To install the stable version from CRAN, simply run the following from an R console:

install.packages("prclust")

To install the latest development builds directly from GitHub, run this instead:

if (!require("devtools"))
  install.packages("devtools")
devtools::install_github("ChongWu-Biostat/prclust")

Using prclust

Clustering analysis is regarded as unsupervised learning in absence of a class label, as opposed to supervised learning. Over the last few years, a new framework of clustering analysis was introduced by treating it as a penalized regression problem based on over-parameterization. Specifically, we parameterize p-dimensional observations with its own centroid. Two observations are said to belong to the same cluster if their corresponding centroids are equal. Then clustering analysis is formulated to identify a small subset of distinct values of these centroids via solving a penalized regression problem.
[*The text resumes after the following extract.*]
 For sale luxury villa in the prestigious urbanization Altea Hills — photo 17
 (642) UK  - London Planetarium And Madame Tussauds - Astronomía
For more details, see the following two papers.

library("prclust")
## generate the data
data = matrix(NA,2,100)
data[1,1:50] = rnorm(50,0,0.33)
data[2,1:50] = rnorm(50,0,0.33)
data[1,51:100] = rnorm(50,1,0.33)
data[2,51:100] = rnorm(50,1,0.33)
## set the tunning parameter
lambda1 =1
lambda2 = 3
tau = 0.5
a =PRclust(data,lambda1,lambda2,tau)
a #clustering results

Selecting the tunning parameters

A bonus with the regression approach to clustering is the potential application of many existing model selection methods for regression or supervised learning to clustering. We propose using generalized cross-validation (GCV). GCV can be regarded as an approximation to leave-one-out cross-validation (CV). Hence, GCV provides an approximately unbiased estimate of the prediction error.

We try with various tuning parameter values, obtaining their corresponding GDFs and thus GCV statistics, then choose the set of the tuning parameters with the minimum GCV statistic.

#case 1
gcv1 = GCV(data,lambda1=1,lambda2=1,tau=0.5,sigma=0.25)
gcv1

#case 2
gcv2 = GCV(data,lambda1=1,lambda2=0.7,tau=0.3,sigma=0.25)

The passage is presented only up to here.